Below is a listing with pictures in it; transcribe exactly the lines from the one that has "Steering lock unit malfunction, open" through the one that has "Hello. Today we're", and omit those pictures.

#### Dataset records

=== Begin Enclosure ===

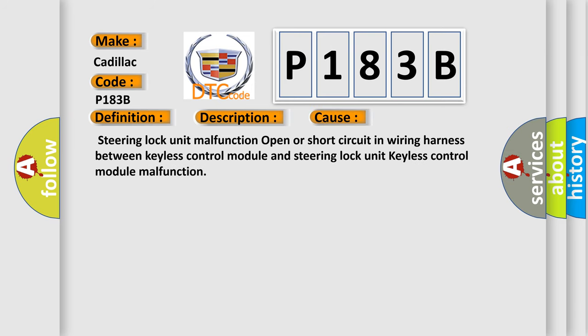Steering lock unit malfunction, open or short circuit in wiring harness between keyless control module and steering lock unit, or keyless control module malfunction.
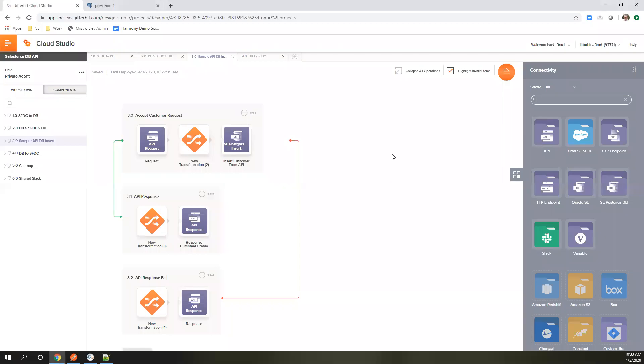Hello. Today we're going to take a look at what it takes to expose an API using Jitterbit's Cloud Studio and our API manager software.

=== End Enclosure ===
=== Begin Enclosure ===

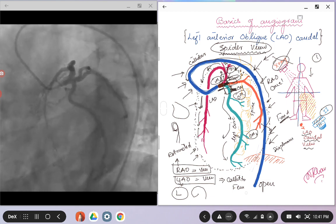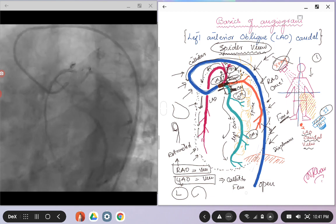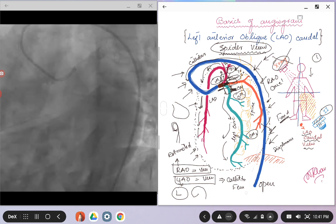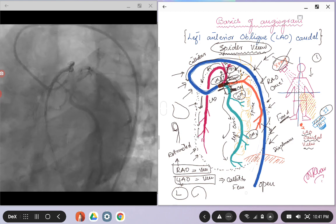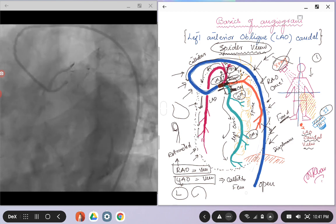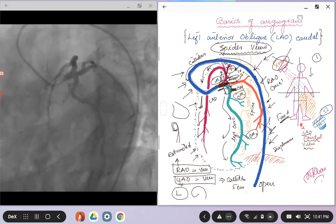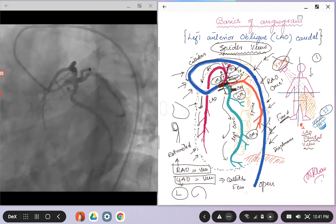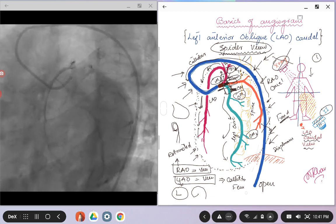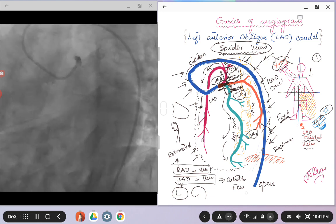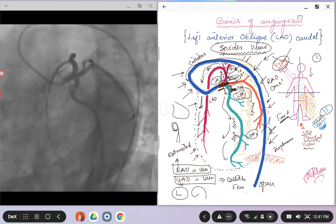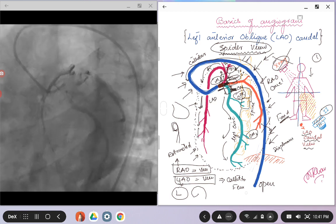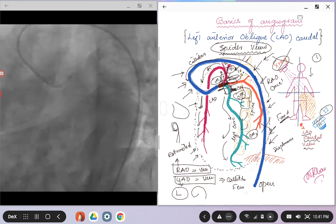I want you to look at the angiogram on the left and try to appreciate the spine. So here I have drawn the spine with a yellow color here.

=== End Enclosure ===
=== Begin Enclosure ===

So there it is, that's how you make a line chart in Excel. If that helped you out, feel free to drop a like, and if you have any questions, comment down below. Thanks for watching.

=== End Enclosure ===

#### Output below
Steering lock unit malfunction, open or short circuit in wiring harness between keyless control module and steering lock unit, or keyless control module malfunction.
Hello. Today we're going to take a look at what it takes to expose an API using Jitterbit's Cloud Studio and our API manager software.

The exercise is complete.